Paraphrase Extraction

Word Alignment

The unsupervised Berkeley Aligner is provided for the use of language-agnostic word alignment. Alignment may take serveral hours and a large amount of memory, so it is recommended to submit the condor jobs provided. Make sure to submit them from within the berkeleyaligner directory, and modify the absolute paths accordingly.

Phrase Alignment

Koehn 2003 Implementation, or find another one online. An unoptimized implementation of the word-alignment based technique found in Koehn 2003 is provided, which outputs two maps from Lang1 phrases to arrays of aligned Lang2 phrases.

python phrase_aligner.py <srcfile> <trgfile> <word alignment file> <srcdict filename> <trgdict filename>

Extracting Paraphrases

To extract paraphrases, a universal script is provided for basic, parallel, and deep-linking paraphrase acquisition over the generated phrase-aligned dictionaries. These dictionaries are the JSON-formatted files produced in the previous step.
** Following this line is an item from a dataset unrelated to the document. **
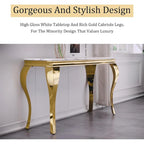 White and Gold Console Table with Gold Cabriole Legs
Depth 1: Bilingual single-corpus or cross-domain paraphrase extraction.
  e.g. python paraphraser.py 1 data/phrases.txt <en-de> <de-en>

Depth 2+: Deep-linking paraphrase extraction across multiple languages.
  e.g. python paraphraser.py 2 data/phrases.txt <en-de> <de-sp> <sp-en>

Parallel: Basic single-corpus extraction using multiple corpora.
  e.g. python paraphraser.py parallel data/phrases.txt <en-de> <de-en> <en-fr> <fr-en> ...

Ranking Paraphrases

To rank paraphrases, an implementation of WordNet-based distributional similarity was used (gangeli:sim). You can run similarity tests with the following commands:

javac -cp sim/dist/sim-release.jar ParaphraseRanker.java
java -cp sim/dist/sim-release.jar:. -Dwordnet.database.dir=sim/etc/WordNet-3.1/dict -mx3g ParaphraseRanker <paraphrase file>